L’importanza dei dettagli

Dopo aver affrontato un cancro non è facile pensare al futuro: «Non è detto che vada tutto bene, ne sono consapevole, ma questo non m’impedisce di essere felice e di sperare. Sono grata per ogni singolo giorno che posso trascorrere accanto ai miei figli. La gente spesso dimentica di ringraziare, dà tutto per scontato, perde tempo lamentandosi. La malattia mi ha insegnato a dare importanza anche ai dettagli, a guardarmi intorno con più attenzione. Quando ero ricoverata in ospedale, nel mio letto davanti alla finestra sono rimasta sorpresa e piena di meraviglia di fronte ai colori del cielo al tramonto. Mi sono resa conto che da tanto non mi soffermavo più a osservarli. Ho riscoperto quanta bellezza ci sia intorno a me. Sono diventata più dolce, più morbida con i miei figli, lascio l’ansia fuori dalla porta».

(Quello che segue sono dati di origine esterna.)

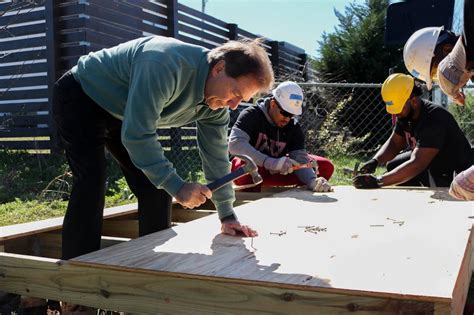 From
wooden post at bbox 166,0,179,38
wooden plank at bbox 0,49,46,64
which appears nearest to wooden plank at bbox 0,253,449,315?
wooden plank at bbox 0,49,46,64

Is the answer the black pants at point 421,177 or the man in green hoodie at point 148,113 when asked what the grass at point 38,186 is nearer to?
the black pants at point 421,177

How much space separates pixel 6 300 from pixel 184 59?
53.9 inches

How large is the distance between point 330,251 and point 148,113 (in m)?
0.91

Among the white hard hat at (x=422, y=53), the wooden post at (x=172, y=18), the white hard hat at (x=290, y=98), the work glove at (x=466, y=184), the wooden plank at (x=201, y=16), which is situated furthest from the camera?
the wooden plank at (x=201, y=16)

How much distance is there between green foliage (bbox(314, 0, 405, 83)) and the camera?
11.6 m

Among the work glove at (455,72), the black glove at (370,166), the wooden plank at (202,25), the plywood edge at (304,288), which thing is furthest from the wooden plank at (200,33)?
the plywood edge at (304,288)

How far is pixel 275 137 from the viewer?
4410 millimetres

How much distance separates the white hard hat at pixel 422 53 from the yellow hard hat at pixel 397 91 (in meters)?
1.11

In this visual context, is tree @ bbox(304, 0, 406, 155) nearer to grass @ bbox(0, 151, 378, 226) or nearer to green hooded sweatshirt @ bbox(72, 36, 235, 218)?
grass @ bbox(0, 151, 378, 226)

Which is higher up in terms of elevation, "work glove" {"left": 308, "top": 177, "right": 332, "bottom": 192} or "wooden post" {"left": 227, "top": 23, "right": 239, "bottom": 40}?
"wooden post" {"left": 227, "top": 23, "right": 239, "bottom": 40}

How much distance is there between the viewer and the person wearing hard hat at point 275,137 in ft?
13.5

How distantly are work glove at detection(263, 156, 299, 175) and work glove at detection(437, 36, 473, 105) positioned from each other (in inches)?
76.4

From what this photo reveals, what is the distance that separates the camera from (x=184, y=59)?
2049 mm

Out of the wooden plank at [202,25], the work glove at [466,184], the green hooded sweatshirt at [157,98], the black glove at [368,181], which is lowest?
the black glove at [368,181]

Il viaggio da sogno in America

Il tumore ha causato una pausa forzata: «Sono rimasta a casa per sei mesi dal lavoro. È stato un periodo difficilissimo, però non ero in ufficio, ero altrove e conducevo una vita diversa, che mi ha portato sofferenza ma anche molte scoperte. Mi sono dedicata di più a me stessa e alle persone che ho vicino. Ho trovato il tempo di pianificare un viaggio attraverso l’America, Coast to Coast, un sogno che forse sarebbe rimasto nel cassetto se non mi fossi ammalata, adesso invece sono certa di farlo, e sarà un bellissimo ricordo che mi resterà nonostante tutto. La malattia - lo so che può sembrare strano - mi ha portato anche gioia e consapevolezza. Certo preferirei che nulla di tutto questo fosse accaduto, ma mi sforzo di guardare oltre. Ho smesso di fare previsioni, di programmare tutto e ora vedo il mondo in modo diverso, più libero».